According to CITIC Construction Investment research, as AI servers push PCB requirements from M7/M8 to M9 material grades, the entire upstream supply chain — resins, glass fiber cloth, copper foil — is being forced to upgrade simultaneously. Guojin Securities forecasts that some PCBs for NVIDIA’s next-generation Rubin platform will begin using M9 materials in 2026, adding further demand concentration at the premium end of the copper foil market.

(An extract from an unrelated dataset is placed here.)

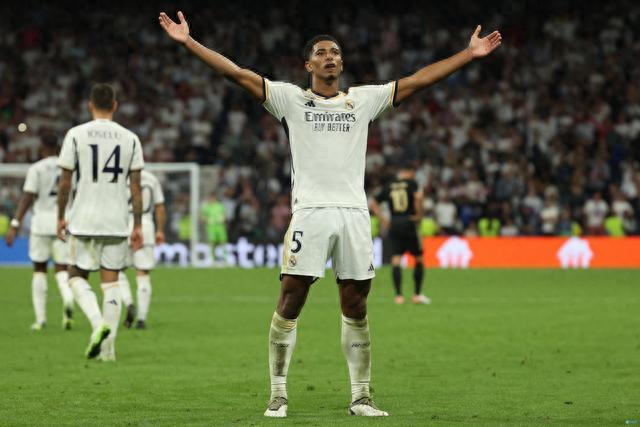 2025／26赛季英超：英超悬念复活！曼城已进入“恐怖追击”模式（2025／26英超：悬念重燃，曼城已切换至“恐怖追赶”模式）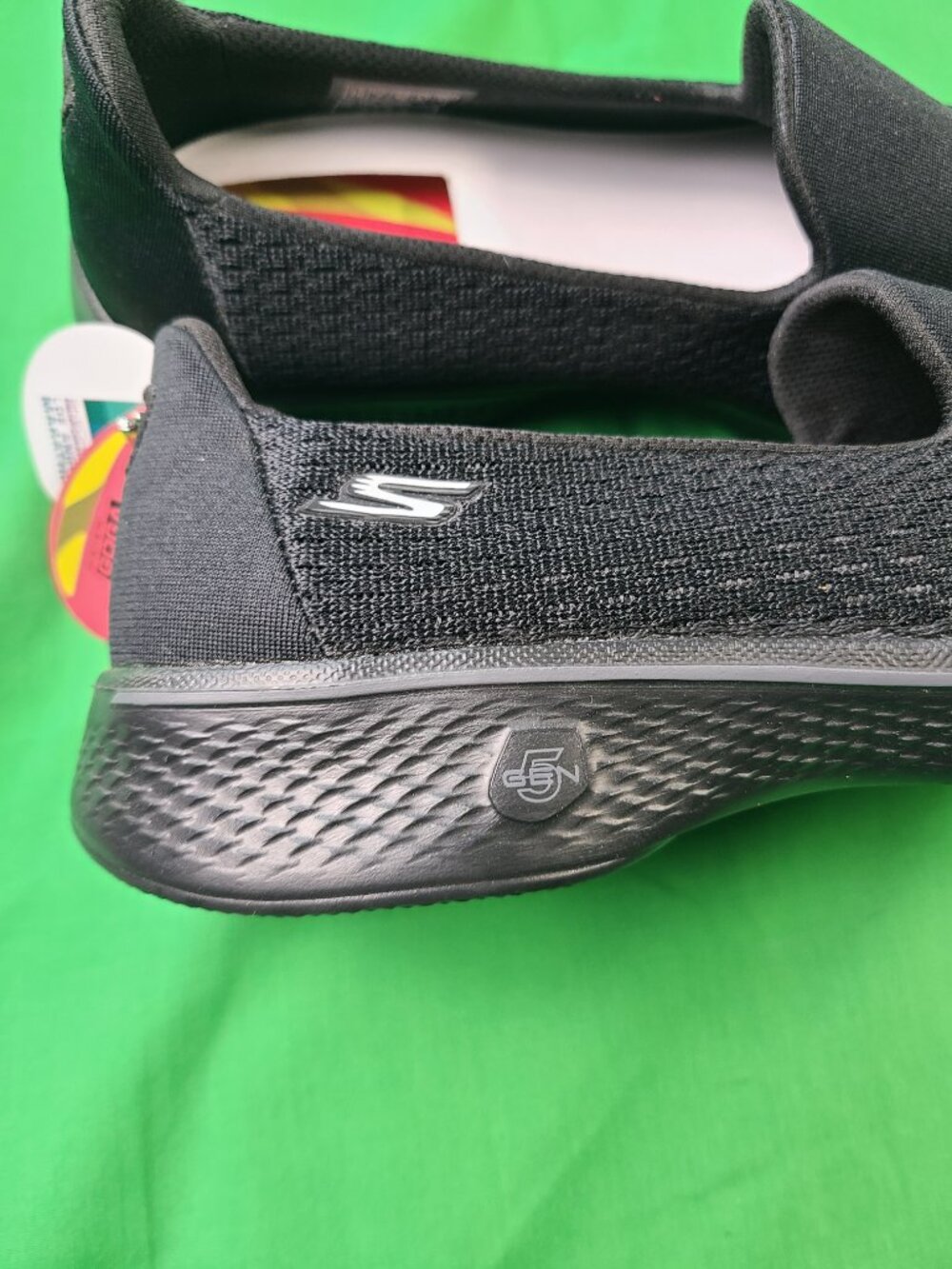 Skechers Goga Max Performance Shoes Women's 10 Black New - Picture 6 of 13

For procurement leaders, the strategic response is clear but difficult: lock in supply through longer-term agreements, engage directly with upstream material producers, and — where feasible — consider alternative architectures that reduce copper foil content per board. The window for favorable spot pricing is narrowing.

Timeline of Escalation

Dec 2025 – Jan 2026
Gold prices rise ~20%; copper-clad laminate prices climb 15–20%. PCB supply chain analysts flag structural tightening in high-grade foil markets.
January 2026
LME copper hits an all-time record, breaking above $13,300/tonne — more than 20% above late-2025 averages. Driven by supply tightness and speculative demand.
February 2026
LME copper climbs a further 2.3%. NCAB Group releases PCB Supply Chain Outlook describing a “seller’s market” with availability constraints alongside price rises. Jiantao issues 10% CCL price increase notice.
March 3, 2026
EIPC publishes Q1 2026 update calling supply pressures “a structural reprioritisation” toward AI-driven demand, warning EMEA and North American buyers that the impact of upstream changes is arriving with a lag.
March 12–13, 2026
Mitsui Kinzoku formally notifies customers of a 12% price increase on all MicroThin copper foil, effective April 2026. Mitsubishi Gas Chemical announces a 30% increase on resin-coated copper foil and related products. Industry-wide repricing wave now widely expected.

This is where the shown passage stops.